Pathways for improving agricultural water productivity

Because of the limited water resource endowment and challenges of global climate change, improving water productivity could be a reliable alternative option to cope with agricultural water scarcity (Cao et al., 2020; Carracelas et al., 2019; Çetin & Kara, 2019; Surendran et al., 2021). To this end, scholars have explored effective pathways for improving agricultural water productivity, including improved irrigation techniques (Carracelas et al., 2019; Çetin & Kara, 2019; Comas et al., 2019; Parthasarathi et al., 2018), water-saving farming practices (Huang, Tao et al., 2021; Zhang, Wang et al., 2021; Zheng, Fan et al., 2021), and improved crop varieties (Jing et al., 2021; Kukal et al., 2014; Sánchez et al., 2015). Comas et al. (2019) conducted a field experiment in Northern Colorado to investigate the effects of deficit irrigation on maize water productivity. They found that the deficit irrigation method was essential for buffering maize yield losses and improving water productivity. According to Parthasarathi et al. (2018), drip irrigation in aerobic rice production systems can increase water productivity. Zheng, Fan et al. (2021) documented that water-saving practices such as film mulching can significantly increase water productivity in crop production in China. Jing et al. (2021) suggested that water productivity can be substantially boosted by planting drought-tolerant wheat varieties.

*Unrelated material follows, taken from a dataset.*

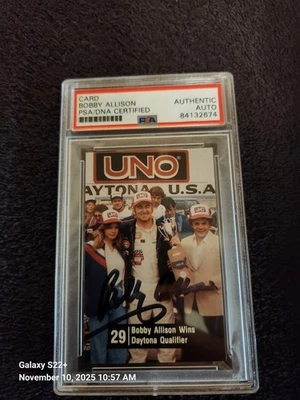 BOBBY ALLISON AUTOGRAPHED UNO CARD SIGNED.  - Image 1 of 4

Notwithstanding the multiple strategies discussed in the previously mentioned literature, a crucial fact is that measures to improve water productivity could always be contradictory to food security (Chen et al., 2021). In other words, some strategies such as film mulching may erode the field environment and decrease crop yield (Huang et al., 2020), even though they may improve water productivity. Accordingly, a strategy that simultaneously improves IWP and addresses the water–food nexus deserves full consideration. MLP, as discussed above, can facilitate the development of the crop root system (Zheng et al., 2020) and soil moisture (Huang, Tao et al., 2021; Yang et al., 2018), which may contribute to increasing both water productivity and crop yield. Accordingly, MLP adoption could be the strategy needed. Therefore, a deeper understanding of the association between MLP adoption and IWP is paramount for enhancing IWP and food security. Nevertheless, in our humble review, there is still a lack of literature that delves into this association, and this study addresses this gap.

Methodology

Method

Model selection

Households freely adopt or do not adopt MLP depending on various observable individual and household characteristics (e.g. age, gender, education level and asset ownership) and unobservable factors (e.g. household capacity and motivation for MLP adoption; Mano et al., 2020; Paudel et al., 2019). In other words, MLP adoption among rural Chinese households is unlikely to have resulted from random assignment. Therefore, MLP adoption is an endogenous variable and endogeneity issues should be addressed to achieve unbiased and consistent estimates of the influence of MLP adoption on IWP.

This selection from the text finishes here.